> [Work task]
For the entries that follow, set down each one exactly and drop any pictures.

> [Data for this task]
——————
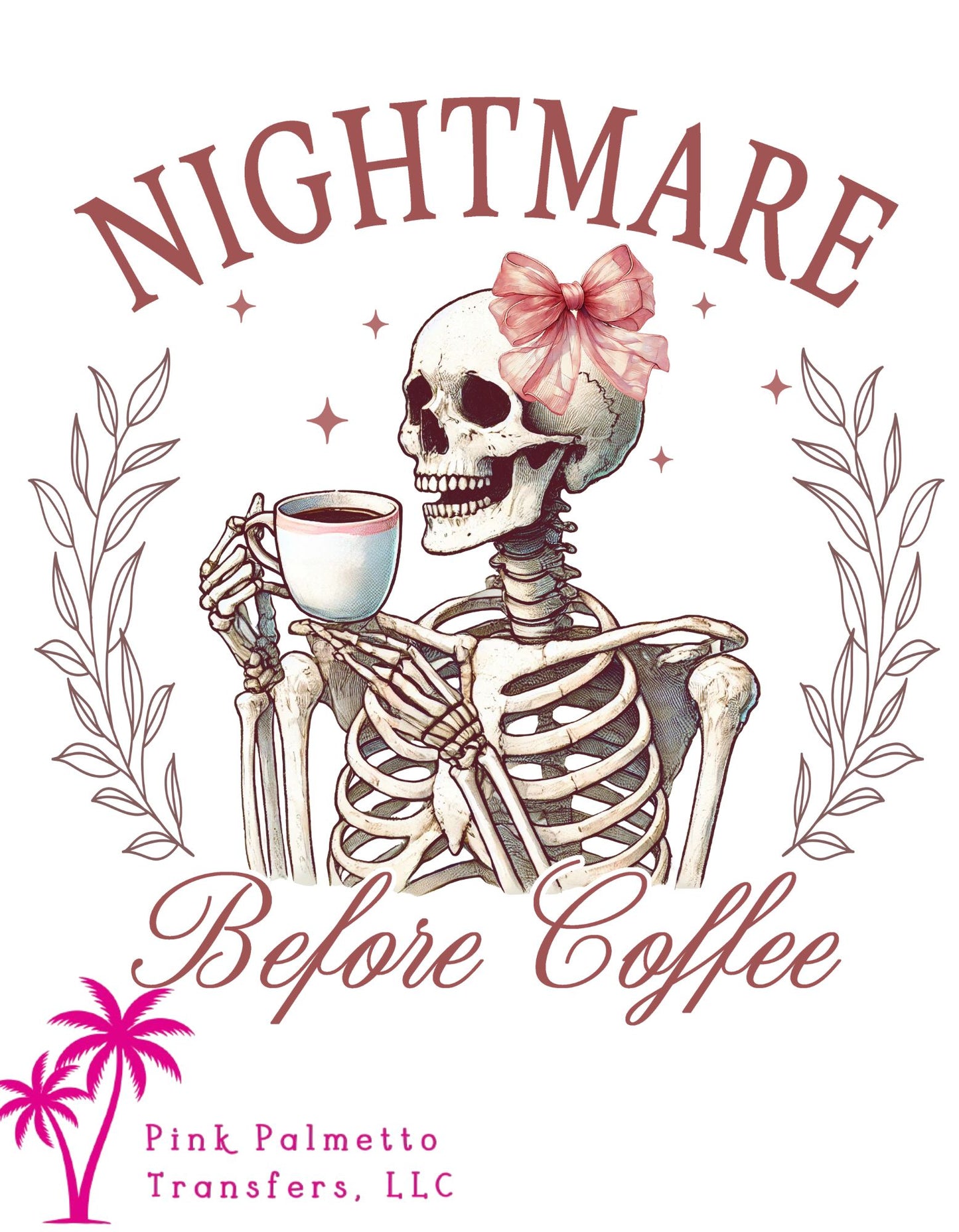 Nightmare Before Coffee 12" DTF Transfer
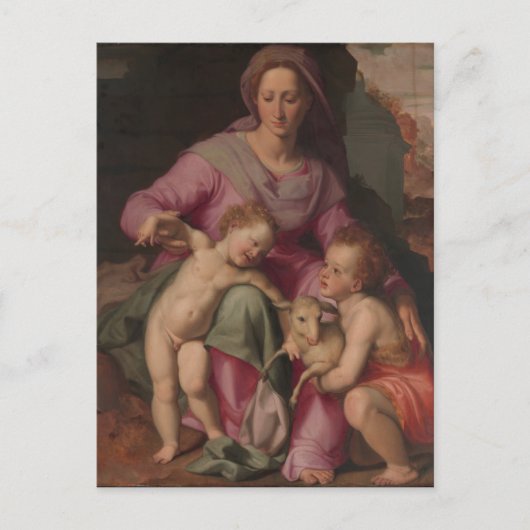 Carte Postale Madonna & Enfant avec Saint Jean le Baptiste (Devant)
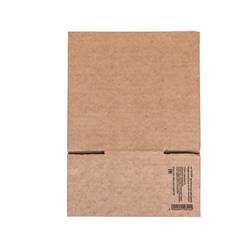 Коробка складная, бурая, для упаковки, хранения и переезда, 20×11.2×10 см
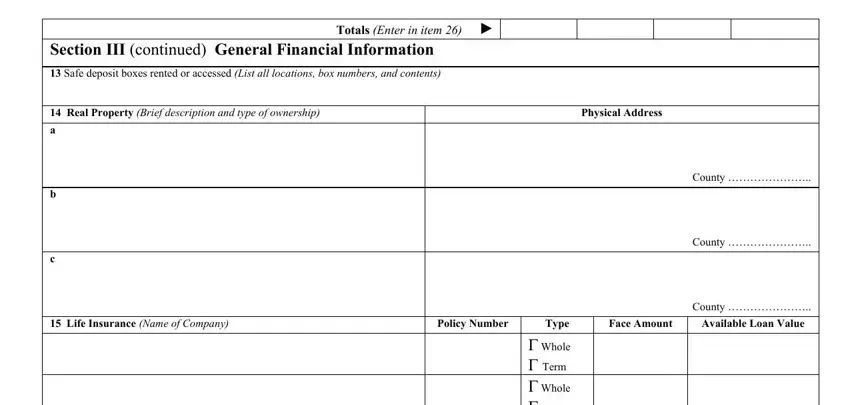 Find out how to fill in fms consumer debtor financial statement part 4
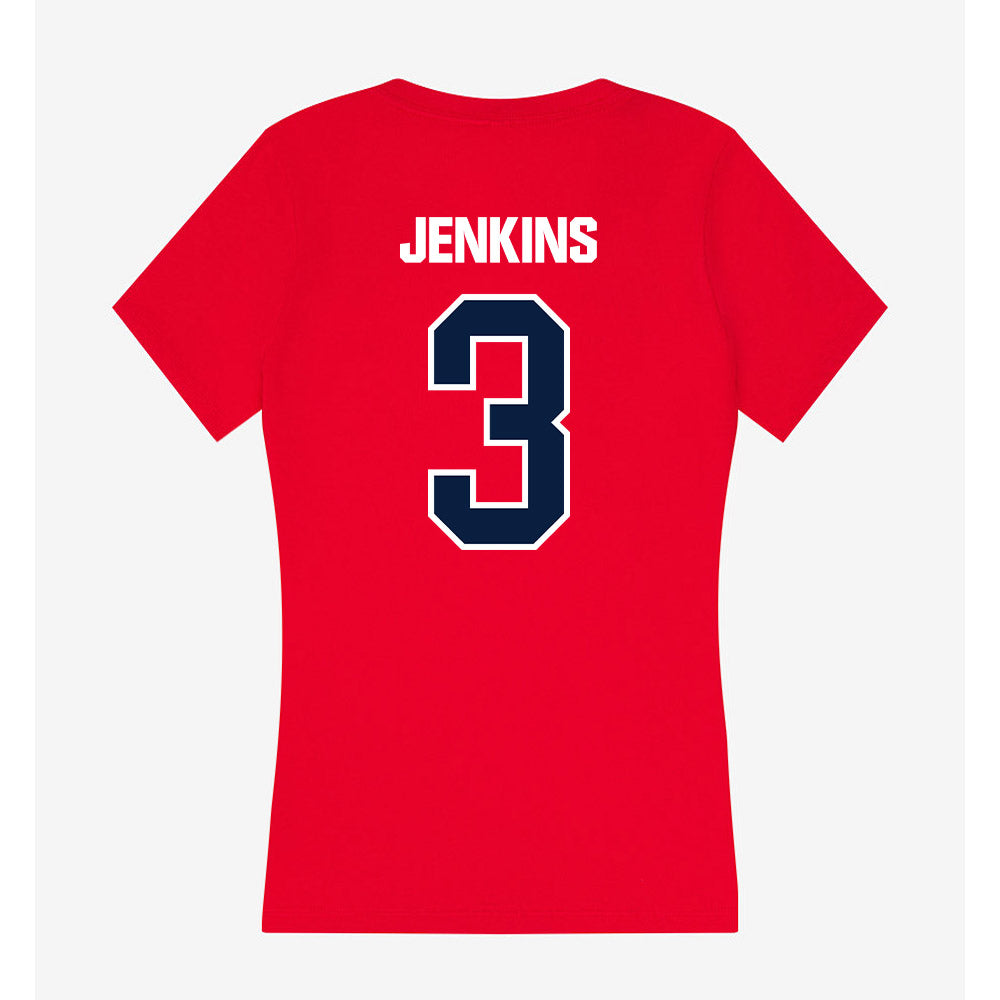 Liberty - NCAA Women's Soccer : Brooklyn Jenkins - Women's V-Neck T-Shirt-1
——————
> [Answer space]
 Nightmare Before Coffee 12" DTF Transfer
 Carte Postale Madonna & Enfant avec Saint Jean le Baptiste (Devant)
 Коробка складная, бурая, для упаковки, хранения и переезда, 20×11.2×10 см
 Find out how to fill in fms consumer debtor financial statement part 4
 Liberty - NCAA Women's Soccer : Brooklyn Jenkins - Women's V-Neck T-Shirt-1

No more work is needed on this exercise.